=== Extracted material ===

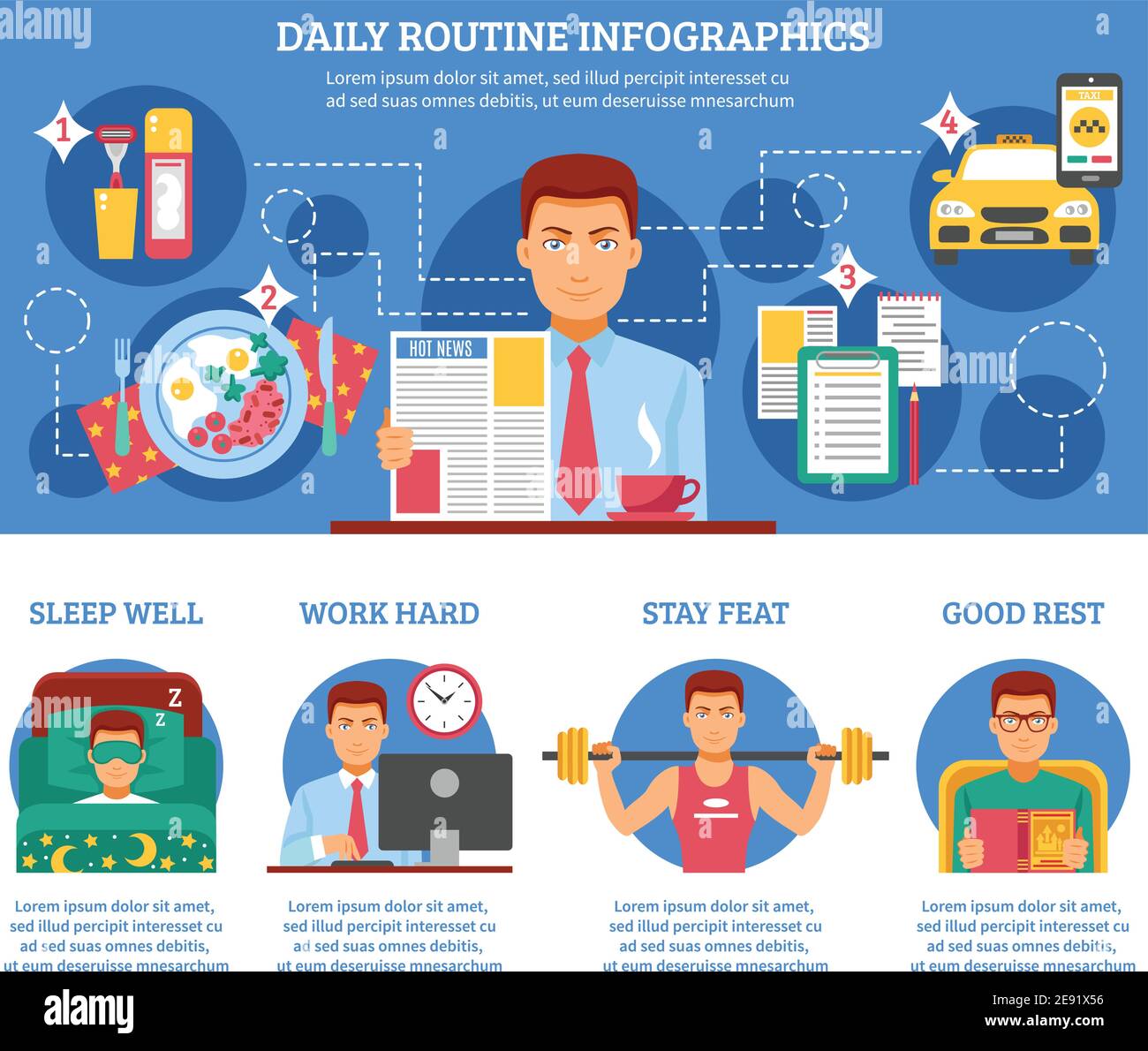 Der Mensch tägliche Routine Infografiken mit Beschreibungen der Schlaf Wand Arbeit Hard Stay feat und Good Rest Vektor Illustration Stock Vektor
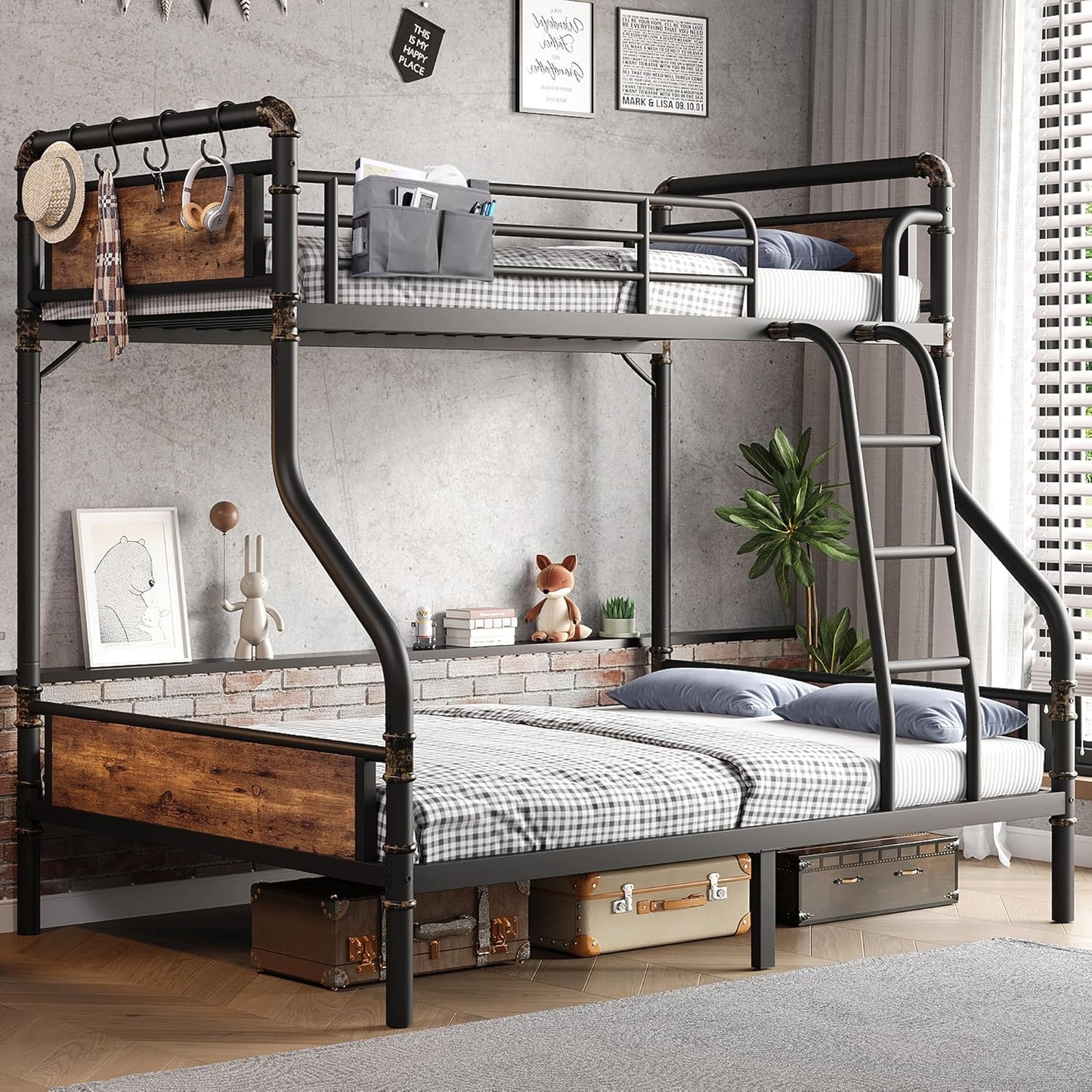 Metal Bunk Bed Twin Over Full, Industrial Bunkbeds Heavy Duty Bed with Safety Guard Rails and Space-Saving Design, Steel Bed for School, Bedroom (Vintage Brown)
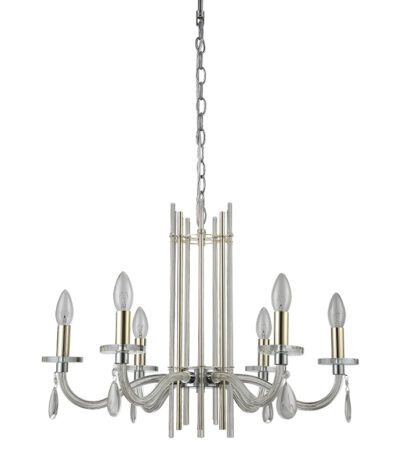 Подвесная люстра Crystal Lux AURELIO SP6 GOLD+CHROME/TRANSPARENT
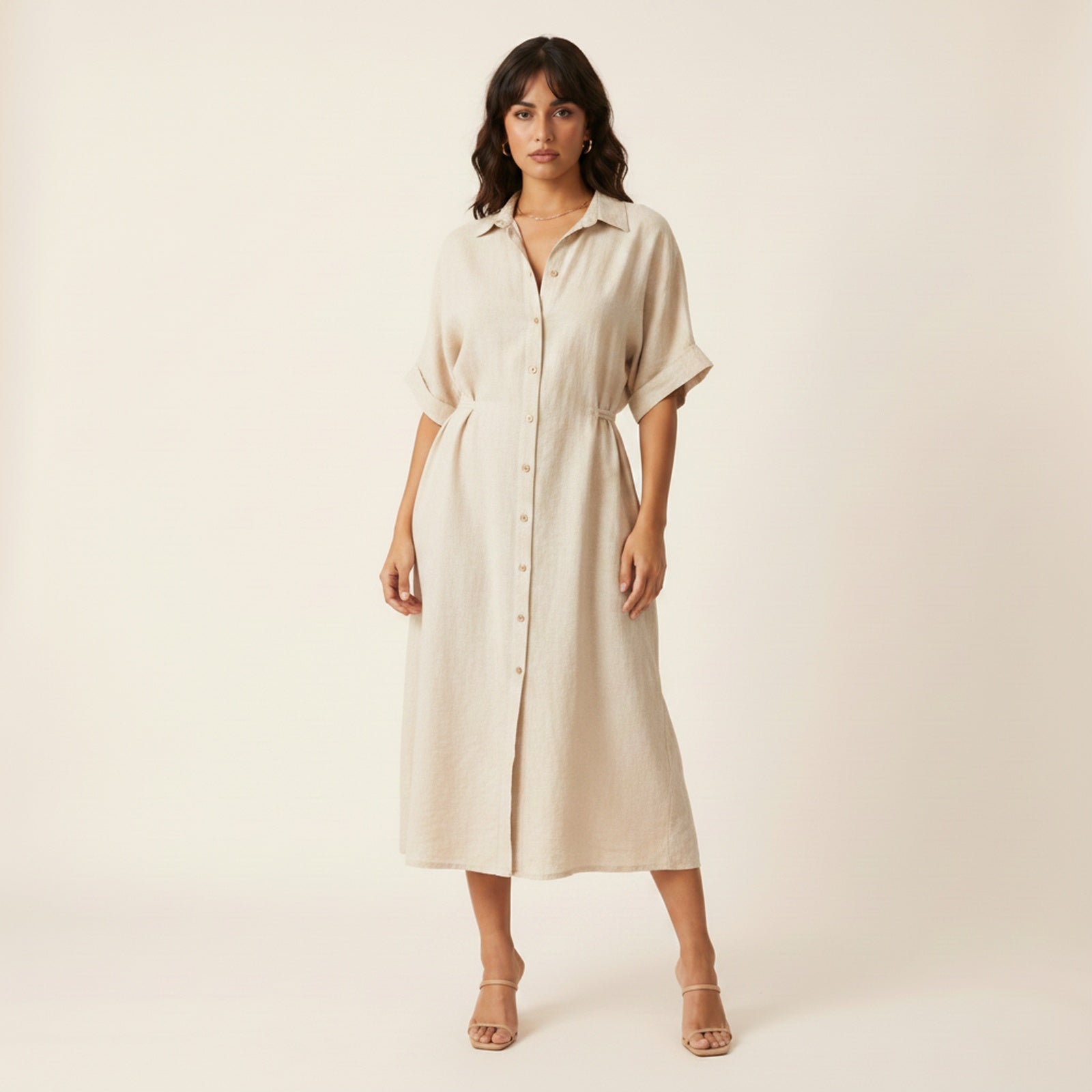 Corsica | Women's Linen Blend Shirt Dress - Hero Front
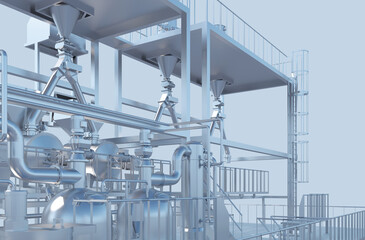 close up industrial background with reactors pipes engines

===

Your goal:
Output the line that contains "Подвесная люстра Crystal" and every line after it to the end of the records, word for word, leaving out the pictures.

Your solution:
 Подвесная люстра Crystal Lux AURELIO SP6 GOLD+CHROME/TRANSPARENT
 Corsica | Women's Linen Blend Shirt Dress - Hero Front
 close up industrial background with reactors pipes engines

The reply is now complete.